Microsoft co-founder brings space flight company to Huntsville

SEATTLE, Wa.
Stratolaunch Systems, the new commercial space launch company announced today by Microsoft co-founder Paul Allen, will try to send its first rocket into space in 2016, company officials said today. The target for a first flight of the massive new airplane central to the company's vision is 2015.

Allen called his plan "the next great step" in space at a press conference in Seattle today. On the podium with him was Burt Rutan, whose company, Scaled Composites, will build the plane that will carry the rocket aloft for launch. Also on the podium was former NASA Administrator Mike Griffin, who will sit on the Stratolaunch board of directors, and Gary Wentz, CEO of Stratolaunch and a former NASA manager.

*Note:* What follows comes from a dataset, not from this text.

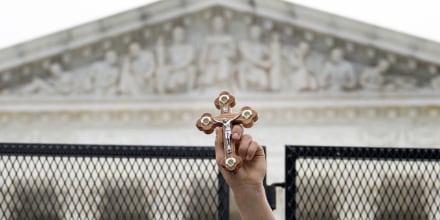 Image: A hand holding a cross outside the Supreme Court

According to the plan, Scaled Composites will construct a plane with a wingspan of  385 feet  (65 feet longer than the 320 feet wingspan of Howard Hughes' Spruce Goose). The plane will lift a cradled rocket built by SpaceX Technologies to an altitude where it can be released to boost itself into space. Aerospace engineering company Dynetics of Huntsville, Ala., will design and build the system to mate the rocket to the airplane and control the launch.

Rutan said the big plane "is not a sketch" but "exists in hundreds of detailed drawings. It is close to construction as soon as we get a building big enough." Site work has now begun in California's Mojave Desert on that hanger, Dynetics managers said after the press conference.

Allen and others in the company said the target market for the company's services will be commercial and government satellites formerly carried into space by the now idle Delta II rocket. Stratolaunch Systems will also be headquartered in Huntsville's Cummings Research Park near Dynetics.